HR Management & Compliance

Appealing a Notification from the FFM

Yesterday we learned how the Federally Facilitated Marketplace (FFM) can notify employers about any employees that enrolled in Marketplace coverage with advanced premium tax credits (APTCs) and cost-sharing reductions (CSRs). Today, we’ll look at how to appeal those notifications.

What if We Receive a Notice and Want to Appeal?

The short answer: Act promptly. You have just 90 days from the date of the notice to request an appeal.

An employer may appeal an employer notice by asserting that it provided the employee access to affordable, minimum-value, employer-sponsored coverage or that the employee is currently enrolled in employer coverage and therefore is ineligible for APTCs.

If the employer is successful, the FFM will send a notice to the employee encouraging the employee to update his or her Marketplace application to reflect that he or she has access to or is enrolled in other coverage. The notice will also explain that failure to update the application may result in a tax liability.

How Do We Submit an Appeal?

An employer appeal request form will be available here: https://www.healthcare.gov/marketplace-appeals. You must mail your completed appeal request to the below address or fax it to 877-369-0129.

Health Insurance Marketplace
465 Industrial Blvd.
London, KY 40750-0061

What About 2015?

This new initiative is focusing on coverage for 2016 and beyond only. Employers will be liable for the employer shared responsibility payment for 2015 if a full-time employee receives a premium tax credit for coverage received through a Marketplace in that year. The Internal Revenue Service will independently determine any liability for the employer shared responsibility payment without regard to whether the Marketplace issued a notice or if the employer engaged in any appeals process.

Anything Else I Should Know?

When someone seeks insurance in the Marketplace, there’s generally no cross-check on what coverage (if any) the person has been offered by his or her employer.
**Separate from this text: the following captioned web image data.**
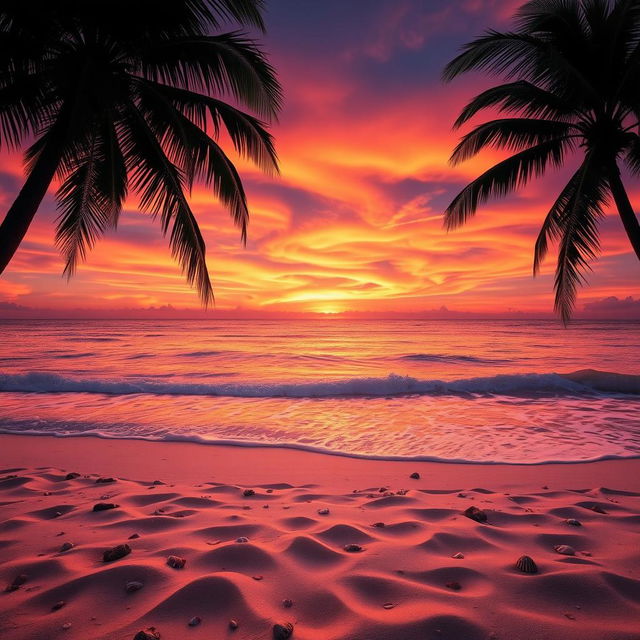 A captivating sunset scene displaying an enchanting blend of orange, pink, and purple hues swirling beautifully across the sky, illuminating a serene beach below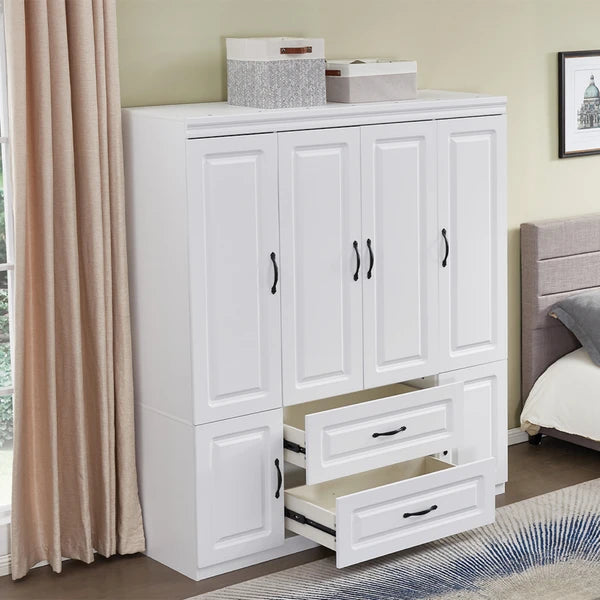 Wood Wardrobe Closet Spacious Storage Bedroom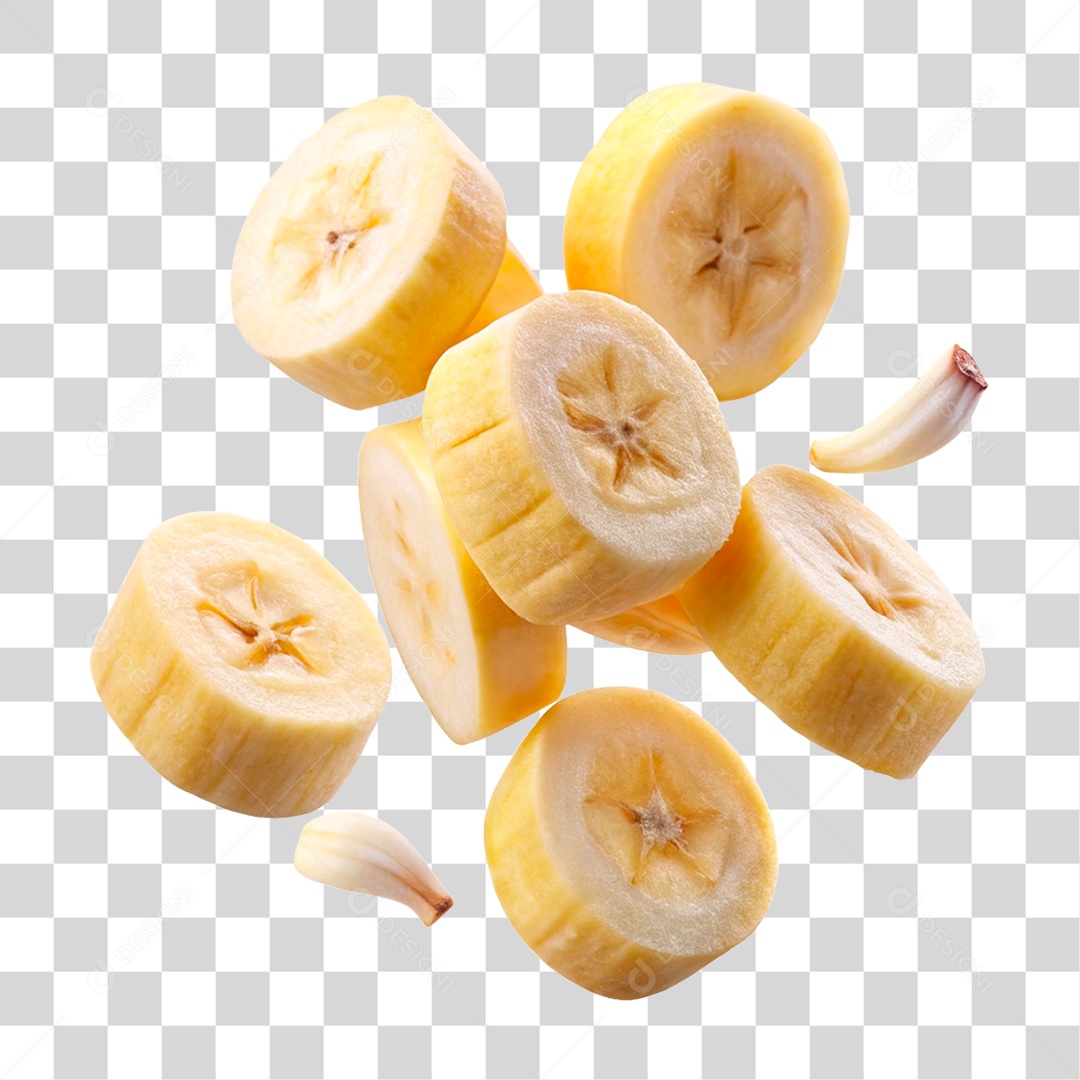 Banana Fatiada PNG Transparente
There’s also no check on whether this person is actually one of your full-time employees as defined by the Affordable Care Act; he or she could be, for example, a freelancer or part-timer.

So, the bottom line is that you as an employer may have fully complied with all of your play-or-pay obligations and still receive a notice that a full-time employee (or someone claiming to be a full-time employee) has received subsidies—putting you squarely in line for penalties unless you take prompt action and file your appeal.

The FFM is not the sort of pen pal any of us is looking for, but it’s important to keep a close eye on your mailbox now and in coming months all the same.